El encuentro ilustra el drama de la no reciprocidad, la paradoja de quienes son desprendidos y por tal razón, sin ellos quererlo, hacen creer a los otros que nada necesitan. Si el esquema ideal de las relaciones humanas es una dialéctica entre el servir al prójimo y ser servido por él, los individuos dadivosos como la antigua condiscípula de Magris han venido al mundo principalmente para obrar al servicio de los demás. Singular condición de una fortaleza anímica cuyo camino se transita en una sola dirección: la generosidad.
La mujer danubiana no se queja de esa circunstancia con el amigo de juventud, simplemente confiesa el desaliento moral que a veces le produce su invariable repetición. ¿Cómo explicar ese dar y no recibir proporcionalmente, hacer mucho y obtener tan poco, demostrar tanto y no convencer?
En una entrada de diciembre de 1946 Giovanni Papini, el viejo escritor casi ciego y al fin convertido en sabio por los infortunios de su destino, escribió en su diario: “Uno de los motivos principales de la desdicha de los mejores es la espera en los demás: esperan siempre —afecto e inteligencia— más de lo que pueden darles los demás. Algunos no dan por avaricia espiritual, o dan menos de lo que podrían dar. La mayor parte son tan pobres que tratan de recibir, pero no pueden dar porque no poseen sentimientos, ni inteligencia. Quien mucho tiene y mucho da se imagina fácilmente que los demás están hechos como él, y se engaña, porque no advierte, o lo advierte demasiado tarde, que es una excepción. El que de joven se ilusionó menos, menos desilusionado estará de viejo”.

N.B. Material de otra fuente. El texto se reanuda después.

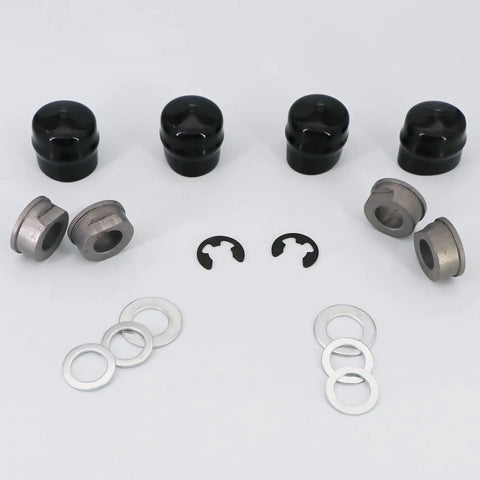 Wheel Bearing Cover Kit Replacement For John Deere Riding Mowers And Outdoor Power Equipment PVC Shield Fits M123811 M123253 R27434 24H1398 Z9972H Easy Install Durable Flange Tire Cover And Bearing Housing For Lawn Tractors DIY Friendly. kit parts on white background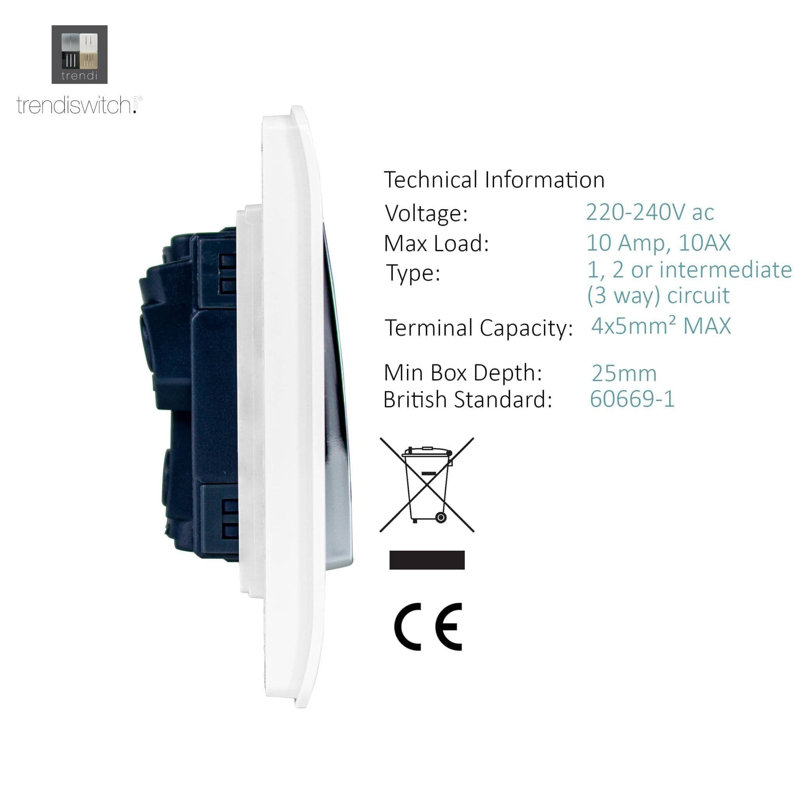 Trendi Switch 4 Gang Light Switch (1x 1 or 2 Way & 3 x Intermediate), Copper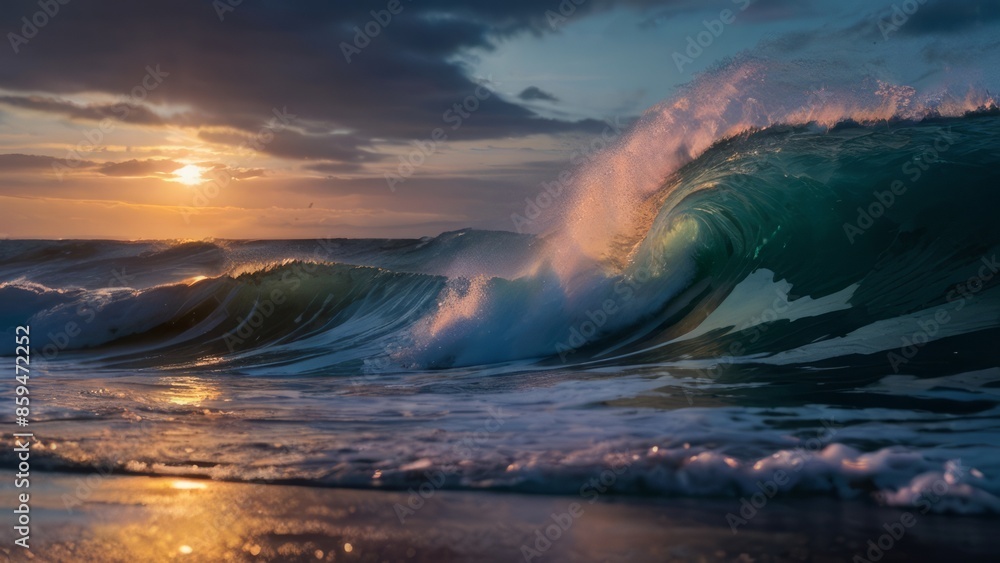 Naklejka premium Ocean waves. Nature background.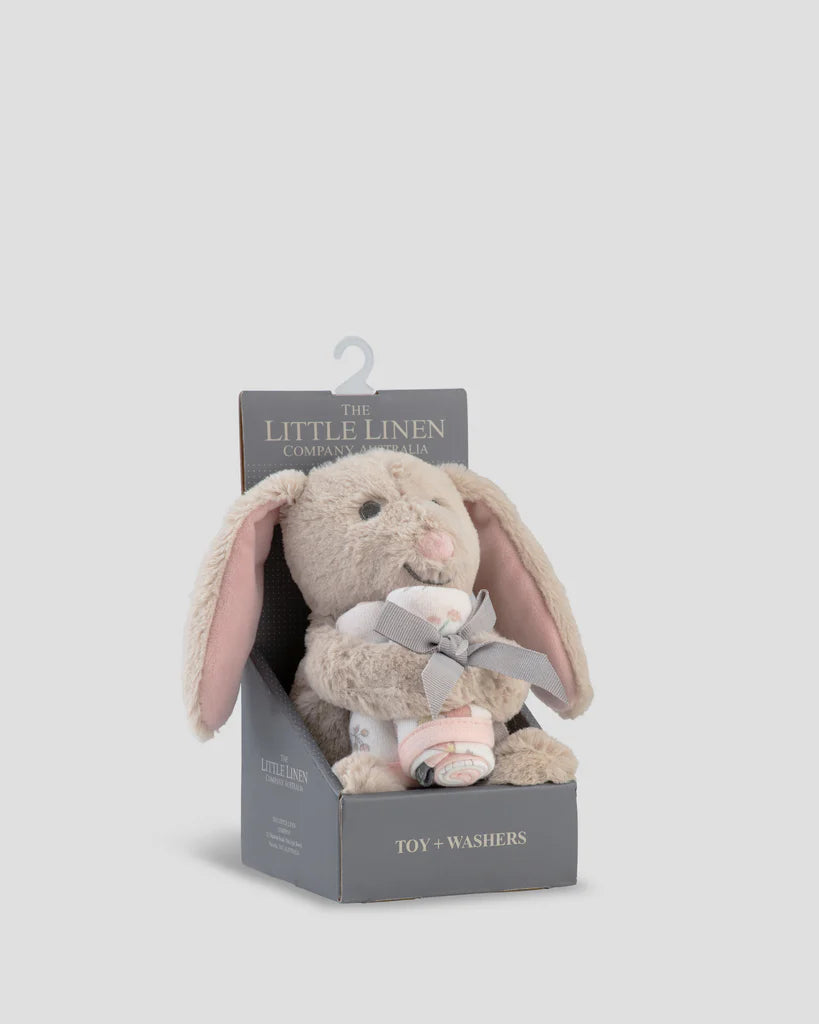 Little Linen Bunny Toy and Wash cloth - Harvest Bunny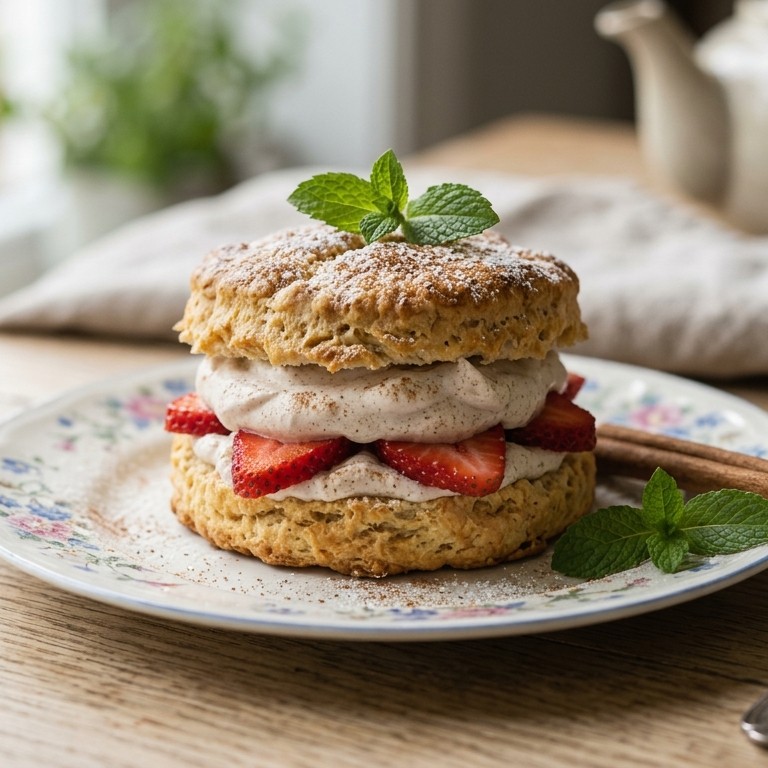Scones met aardbeien en kaneelroom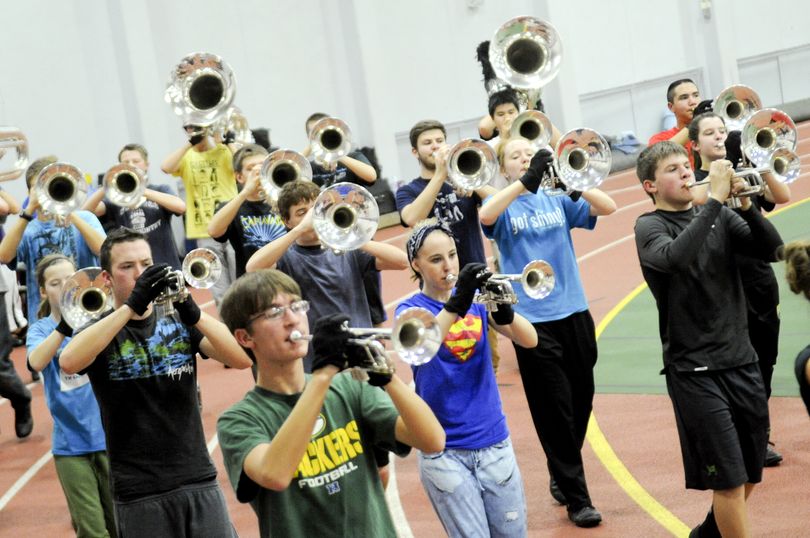 Central Valley High School’s marching band practices on Saturday at Eastern Washington University’s Jim Thorpe fieldhouse in Cheney, for a trip to Washington, D.C., to perform in the Presidential Inauguration Parade. (Tyler Tjomsland)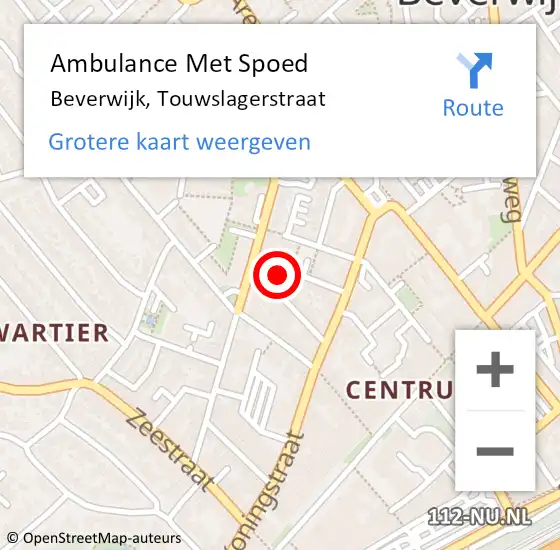 Locatie op kaart van de 112 melding: Ambulance Met Spoed Naar Beverwijk, Touwslagerstraat op 5 maart 2024 13:59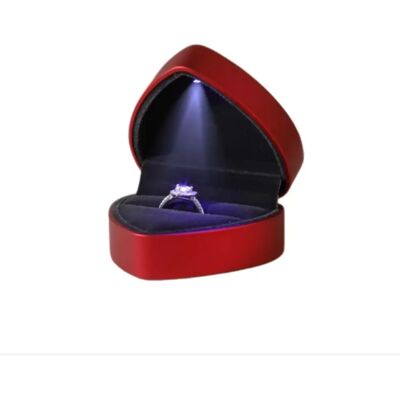 INF Rote herzförmige Verlobungsring-Box mit LED-Licht - PU EVA Geschenk zur Verlobung INF Rote herzförmige Verlobungsring-Box mit LED-Licht - PU EVA Geschenk zur Verlobung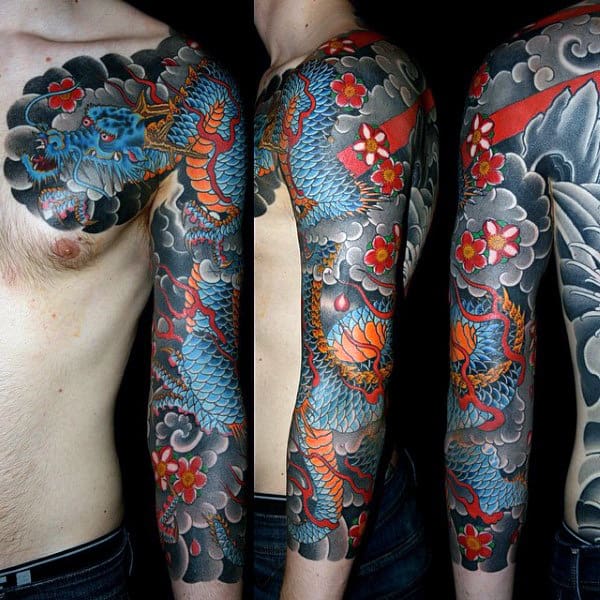 Azure Blue Dragon Tattoo Male Full Sleeves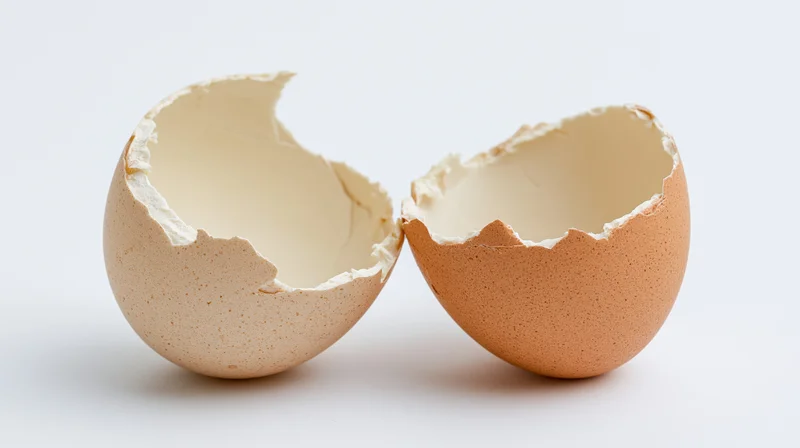 Two broken brown eggshell halves separated on a white surface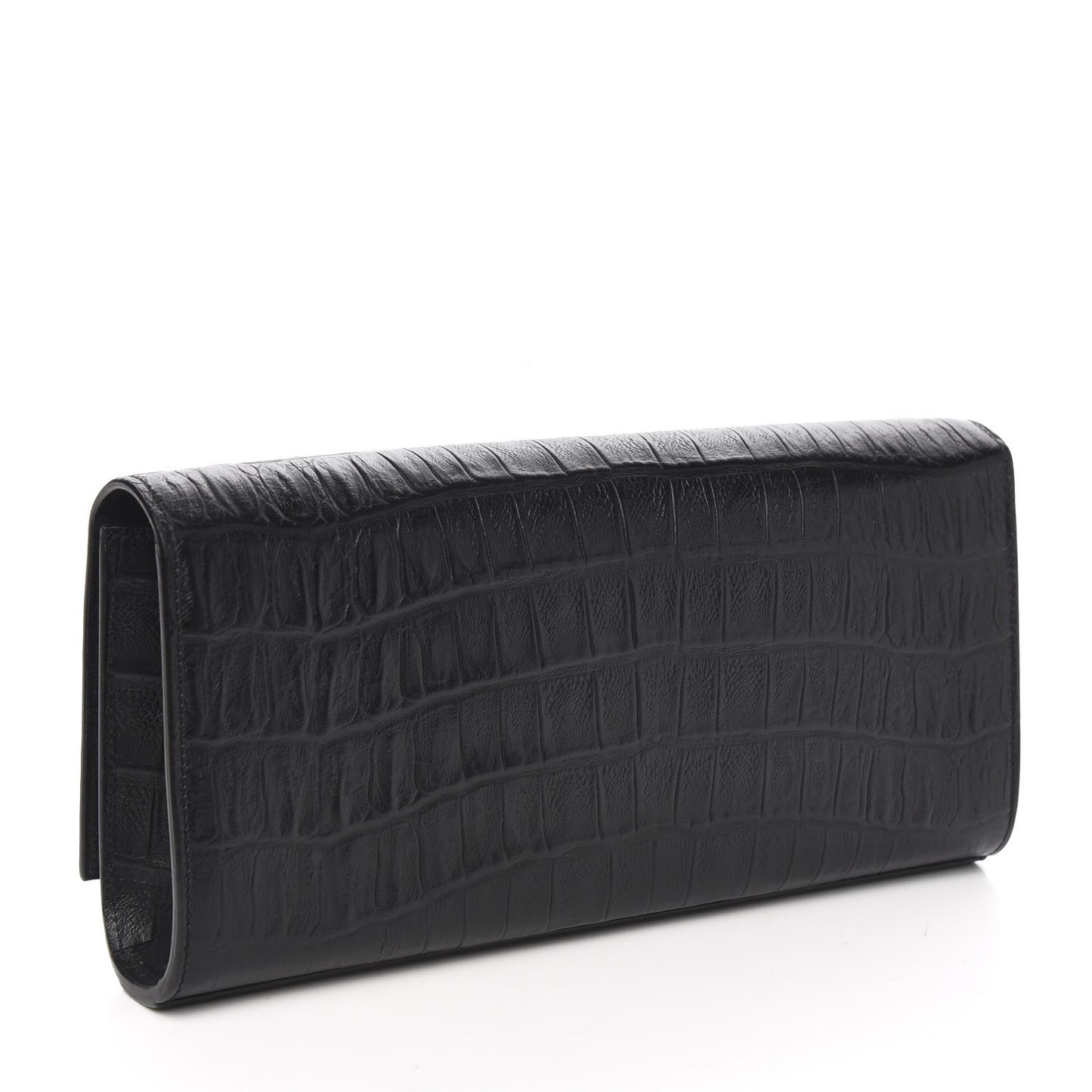Calfskin Crocodile Embossed Classic Monogram Clutch Black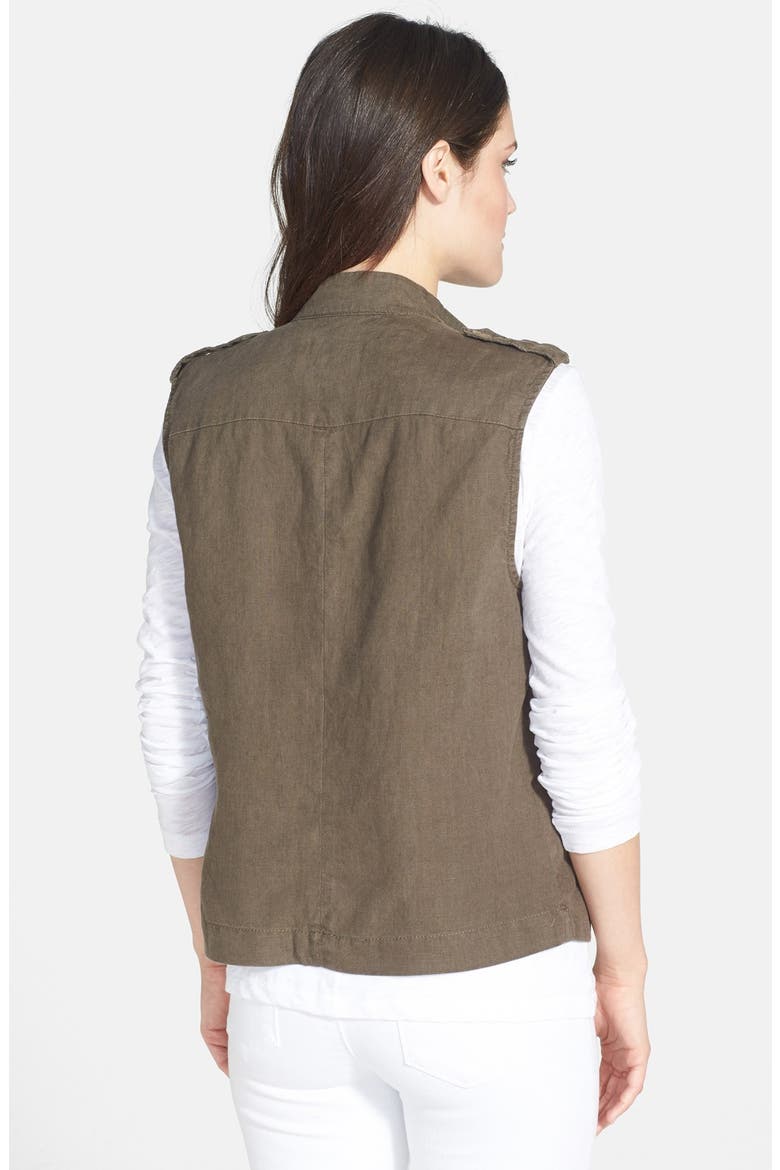 'Hailey' Drape Front Linen Vest, Alternate, color, DARK OLIVE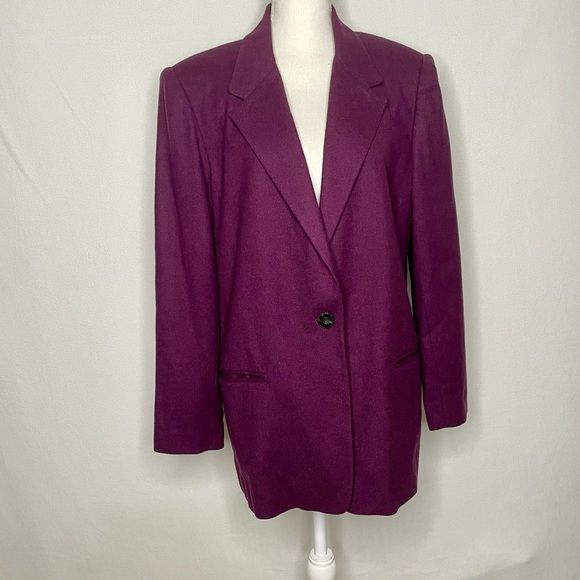 —-SOLD—-VTG Retro 90s Sag Harbor Size 16  100% Pure Wool Blazer Jacket Purple - Picture 1 of 14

Aquel que reconociera años atrás, nostálgico de un pasado heroico, que en los tiempos modernos habían desaparecido los gentilhombres y hasta los hombres para predominar los infrahombres, mencionaría su derecho a sacar la conclusión, fundada en repetidas experiencias, de que muchos de los sinsabores de su vida provenían de aquellos a quienes había tratado de dar las mayores alegrías: “¿Acaso debemos pagar con el propio pesar la dicha que pretendemos dar a los demás? ¿O es un error proporcionar alegría?”
La ayuda, el amparo, la enseñanza, la provisión, el interés, el cuidado: sinónimos todos de esa alegría.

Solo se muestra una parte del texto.